Abstract
Masked Image Modeling (MIM) offers a promising approach to self-supervised representation learning, however existing MIM models still lag behind the state-of-the-art. In this paper, we systematically analyze target representations, loss functions, and architectures, to introduce CAPI – a novel pure-MIM framework that relies on the prediction of latent clusterings. Our approach leverages a clustering-based loss, which is stable to train, and exhibits promising scaling properties. Our ViT-L backbone, CAPI, achieves 83.8% accuracy on ImageNet and 32.1% mIoU on ADE20K with simple linear probes, substantially outperforming previous MIM methods and approaching the performance of the current state-of-the-art, DINOv2. We release all our code and models.
Notes
Summary
Objective: Patch-level clustering agreement between teacher and masked student Encoder: ViT processes only unmasked patches. Predictor: For each MASK + pos_embed token, cross_attention aggregates visible context latents into each masked token independently. Target encoder: EMA of encoder.
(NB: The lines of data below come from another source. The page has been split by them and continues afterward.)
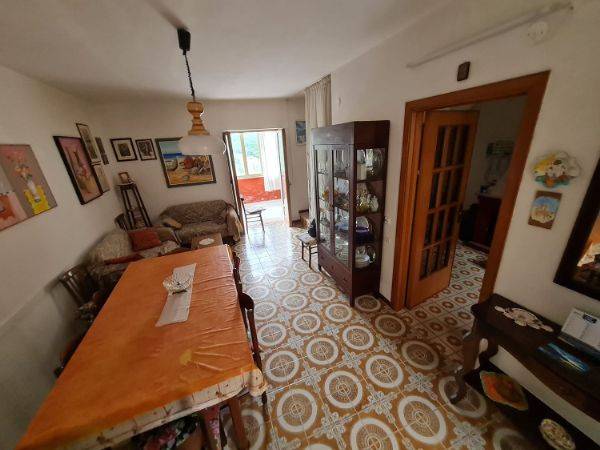 Appartamento in vendita a Torchiara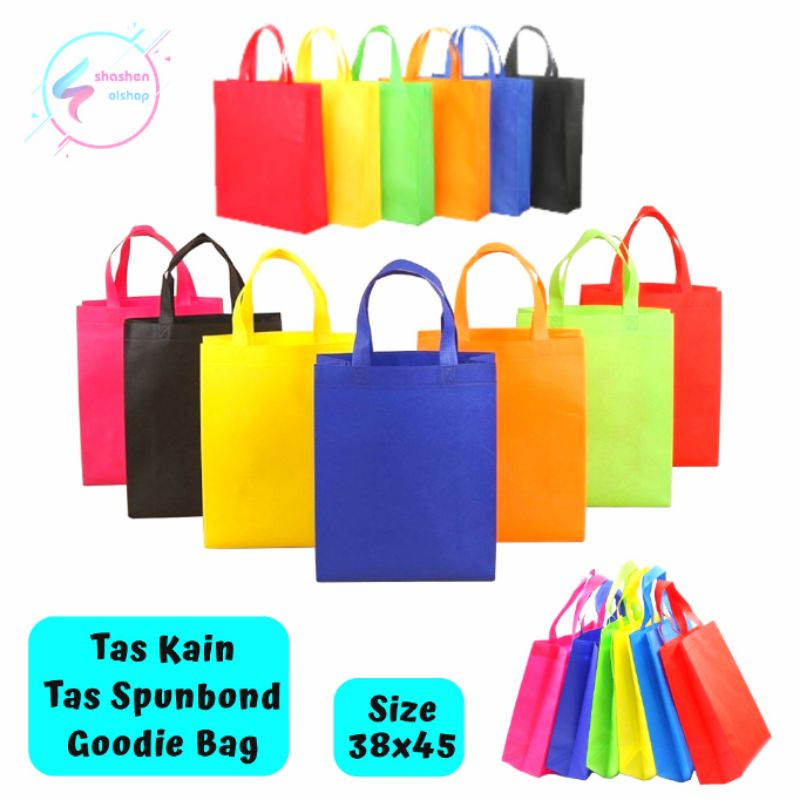 

Tas Spunbond Goodie Bag Polos Ukuran 38x45 Cm HLS isi 1 Lusin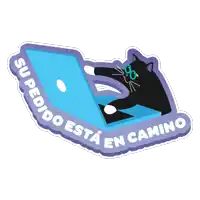 a sticker of a cat using a laptop with the words su pedido esta en camino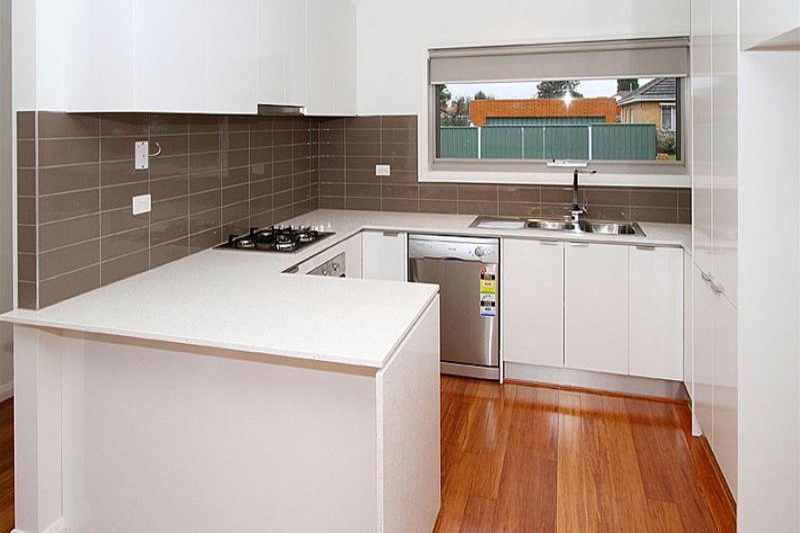 17 Lindsay St, Reservoir, VIC 3073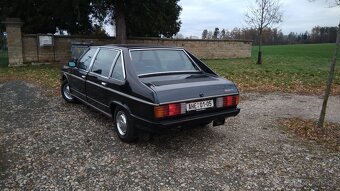 Tatra 613 Special - 3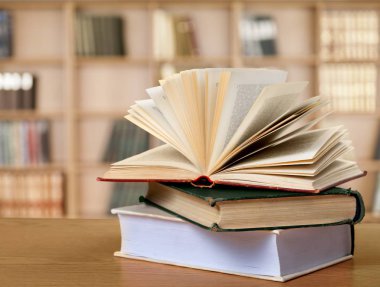 Arka plan üzerinde vintage kitap yığını 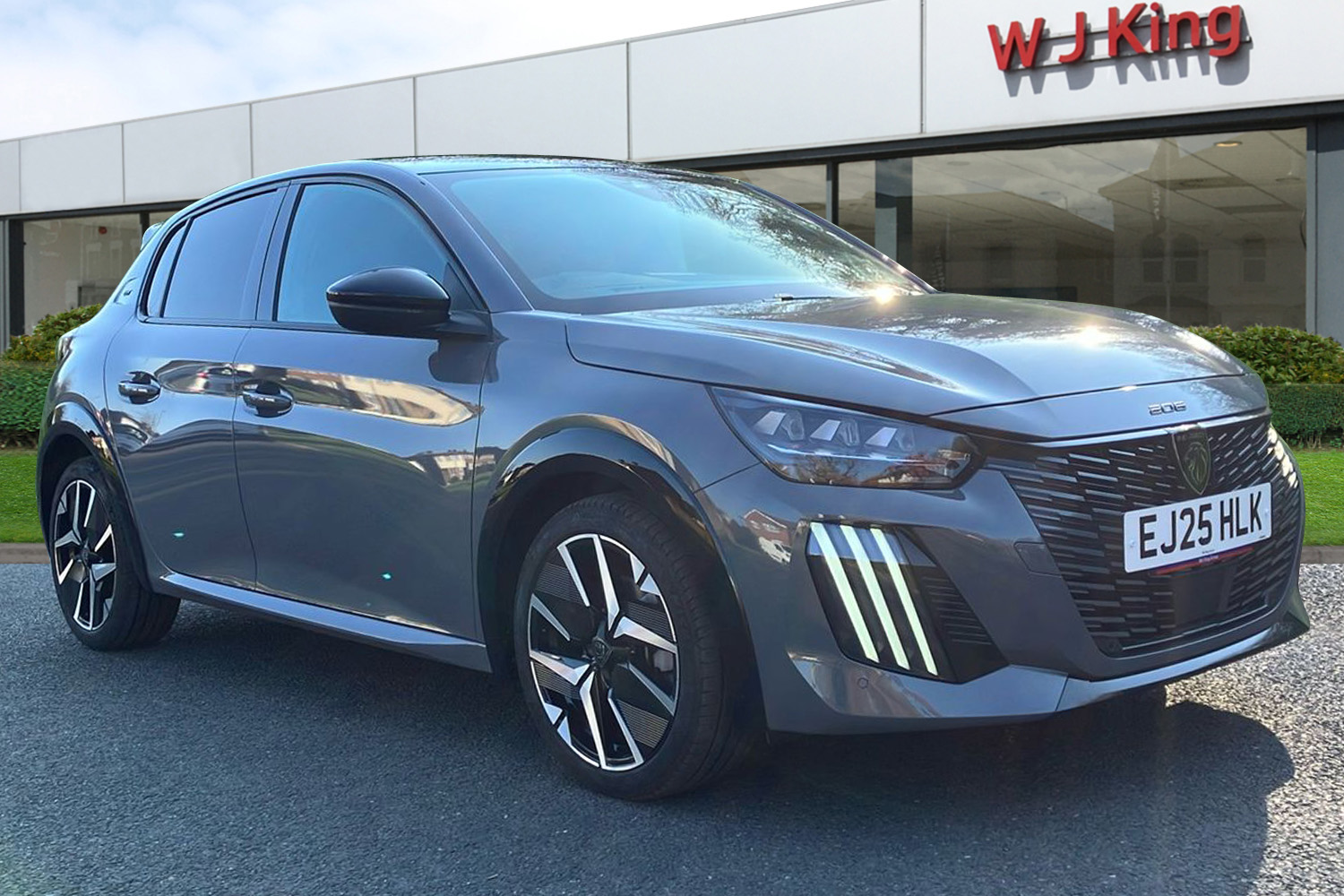 Main listing image - Peugeot 208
Processes all patches.
Implementation details
Objective
There’s a bit of nuance in “clustering”. The best way to explain this is by recalling how iBOT/DINO/DINOv2 does clustering:
- The student’s gets fed input with mask tokens, produces patch embeddings, feeds them through the DINOHead (which is composed of 3x MLP layers) and a 1 Linear Layer with out dim=65k.
- The teacher gets fed the unmasked input, produces patch embeddings, feeds them through the DINOHead and the output Linear and applies a final SK after that to the assignments. Crucially both the DINOHead and the teacher encoder weights are EMA updated.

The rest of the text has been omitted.